Okay, I’m not going to lie and say I don’t give a rat’s ass about Louis. I do. Obviously, I do. I’m invested in him and his band and his overall happiness.
This isn’t about him or that band or his happiness.
This is about continually insinuating he’s gay to harm him. Truly, who Louis is is irrelevant—at this moment I don’t care if he’s fucking Harry, Eleanor, or half the population of the fucking planet.
I care about what The Wanted thinks is the best way to hurt him.
Apparently, it’s funny to suggest that Louis is someone like me—queer—because that means he’s lesser. It’s funny to suggest that he’s closeted or confused about it, because no one ever fucking feels that way because of assholes like the wanted. It’s funny to hashtag about a suicide prevention group, because you want him to feel shitty, so of course it’s best to mock people who already feel like shit.
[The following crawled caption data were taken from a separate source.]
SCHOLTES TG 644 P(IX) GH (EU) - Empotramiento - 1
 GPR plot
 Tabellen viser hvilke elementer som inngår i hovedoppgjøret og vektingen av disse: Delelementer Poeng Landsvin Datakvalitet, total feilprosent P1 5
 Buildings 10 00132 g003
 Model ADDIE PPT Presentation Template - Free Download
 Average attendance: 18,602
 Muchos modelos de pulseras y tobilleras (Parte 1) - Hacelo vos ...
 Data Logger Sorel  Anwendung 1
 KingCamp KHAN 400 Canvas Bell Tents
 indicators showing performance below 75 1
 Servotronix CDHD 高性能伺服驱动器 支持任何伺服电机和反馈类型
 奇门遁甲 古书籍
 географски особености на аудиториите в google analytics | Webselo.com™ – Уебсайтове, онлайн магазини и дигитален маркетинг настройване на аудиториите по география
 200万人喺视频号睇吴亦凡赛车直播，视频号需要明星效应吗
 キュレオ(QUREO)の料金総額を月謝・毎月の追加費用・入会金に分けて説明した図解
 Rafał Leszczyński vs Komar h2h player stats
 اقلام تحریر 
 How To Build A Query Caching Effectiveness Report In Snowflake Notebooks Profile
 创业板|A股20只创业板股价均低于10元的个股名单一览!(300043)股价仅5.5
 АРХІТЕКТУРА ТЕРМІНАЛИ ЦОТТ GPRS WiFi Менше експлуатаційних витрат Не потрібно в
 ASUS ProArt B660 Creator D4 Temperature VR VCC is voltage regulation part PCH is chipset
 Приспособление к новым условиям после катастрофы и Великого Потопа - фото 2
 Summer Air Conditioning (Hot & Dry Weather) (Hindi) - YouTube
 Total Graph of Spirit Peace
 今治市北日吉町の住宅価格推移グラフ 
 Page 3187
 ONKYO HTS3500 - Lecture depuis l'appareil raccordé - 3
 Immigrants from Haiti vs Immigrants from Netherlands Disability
But, oh, #itgetsbetter doesn’t it?
My sexuality isn’t a fucking joke. It isn’t an insult. It isn’t another 5,000 singles sold because it got some shitty ass band some shitty ass publicity.
It is an inherent part of who I am. It is a part of me that is also inherent to an oppressive, queerphobic system that means hearing shitty comments like this, and, for some, it means much worse. Really, this is just a drop in the bucket compared to all the shit people like me have to deal with, in the closet or no.
So, really, I don’t care if you like The Wanted’s music but you should really reconsider liking them as a band because they are contributed to a system that is much more likely to make someone like me feel like shit than Louis Tomlinson. This is just fueling a rivalry for him, for me it’s being reminded that an inherent part of me is the most basic form of insult.